The cats are bigger.


----------



## jaysee (Dec 9, 2009)

Yeah mine are smaller than many cats too


----------



## Kithy (Nov 21, 2012)

D'awwww! Yours play so much nicer than mine!


----------



## jaysee (Dec 9, 2009)

Oh they get pretty rough with each other. It's not a good day of play until someone yelps.


----------



## LittleBettaFish (Oct 2, 2010)

We have three German Shepherds and they play so rough some times I wonder if the neighbours all think they are killing each other. There's growling and barking and hackles up as we all go flying around the yard. 

With that said, one of our dogs has a really soft temperament. She will lay down next to me and put her head/upper half of her body on my lap and sort of sigh. Then she usually goes to sleep as do my lower extremities. 
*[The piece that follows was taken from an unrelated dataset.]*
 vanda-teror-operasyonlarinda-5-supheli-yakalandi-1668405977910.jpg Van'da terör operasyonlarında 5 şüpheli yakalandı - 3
I always say that Nike thinks she is a small dog trapped in a big dog's body.


----------



## cheekysquirrel (Jan 7, 2014)

Sometimes my cat will use my arm like a pillow  And lean in when I give her kisses.
My ex had two Pomeranians. Jay and Sonya. I loved them both, but Jay was so sweet. He'd come and cuddle and lick any inch of skin he could find. I was quite allergic but I didn't care. I missed them both more than my ex when we broke up. Sadly, they've both passed on now :-(
My nanna's dog Rosie will sit with you and lean her back on you. And then she will not let you stop rubbing her belly. Seriously. Try it. See the sad, expectant look on her face. “Your arm is sore? But you've only rubbed my belly for three hours!”


----------



## Polkadot (Feb 10, 2013)

My beautiful dog Maggie is really smoochie & sweet.She's a Kelpie X Labrador and is medium sized and ever since she was a little puppy she's loved giving hugs,she does it just like a person with her arms wrapped right around me.Any time I lean over to pick up something etc she comes from nowhere and gives smooches.She makes me laugh so much,she just a magic girl. :mrgreen: All three of my dogs still want to sit on your lap and cuddle just like they did when they were puppies,even though they are full grown now.They all wrestle and tackle each other when they play together & at the same time are all just so affectionate & funny.I love them more than anything else in the world.


----------